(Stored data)
▶
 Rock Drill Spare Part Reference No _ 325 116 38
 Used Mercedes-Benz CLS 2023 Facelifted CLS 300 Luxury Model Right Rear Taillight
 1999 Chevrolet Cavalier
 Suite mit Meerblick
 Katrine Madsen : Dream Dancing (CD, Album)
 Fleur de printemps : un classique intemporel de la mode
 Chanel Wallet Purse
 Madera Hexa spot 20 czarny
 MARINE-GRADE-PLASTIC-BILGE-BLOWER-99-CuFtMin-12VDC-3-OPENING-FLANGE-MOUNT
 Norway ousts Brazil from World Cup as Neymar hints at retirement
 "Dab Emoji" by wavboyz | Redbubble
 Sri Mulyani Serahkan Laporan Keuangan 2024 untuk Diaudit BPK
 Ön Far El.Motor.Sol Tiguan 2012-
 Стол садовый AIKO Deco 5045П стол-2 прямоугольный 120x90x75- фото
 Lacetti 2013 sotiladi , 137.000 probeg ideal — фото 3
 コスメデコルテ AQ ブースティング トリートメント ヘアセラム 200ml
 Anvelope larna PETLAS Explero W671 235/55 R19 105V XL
◀
* TASK *
Copy out the entries exactly. Begin at the first line and end with the line that has "wavboyz | Redbubble".

* WRITTEN REPLY *
 Rock Drill Spare Part Reference No _ 325 116 38
 Used Mercedes-Benz CLS 2023 Facelifted CLS 300 Luxury Model Right Rear Taillight
 1999 Chevrolet Cavalier
 Suite mit Meerblick
 Katrine Madsen : Dream Dancing (CD, Album)
 Fleur de printemps : un classique intemporel de la mode
 Chanel Wallet Purse
 Madera Hexa spot 20 czarny
 MARINE-GRADE-PLASTIC-BILGE-BLOWER-99-CuFtMin-12VDC-3-OPENING-FLANGE-MOUNT
 Norway ousts Brazil from World Cup as Neymar hints at retirement
 "Dab Emoji" by wavboyz | Redbubble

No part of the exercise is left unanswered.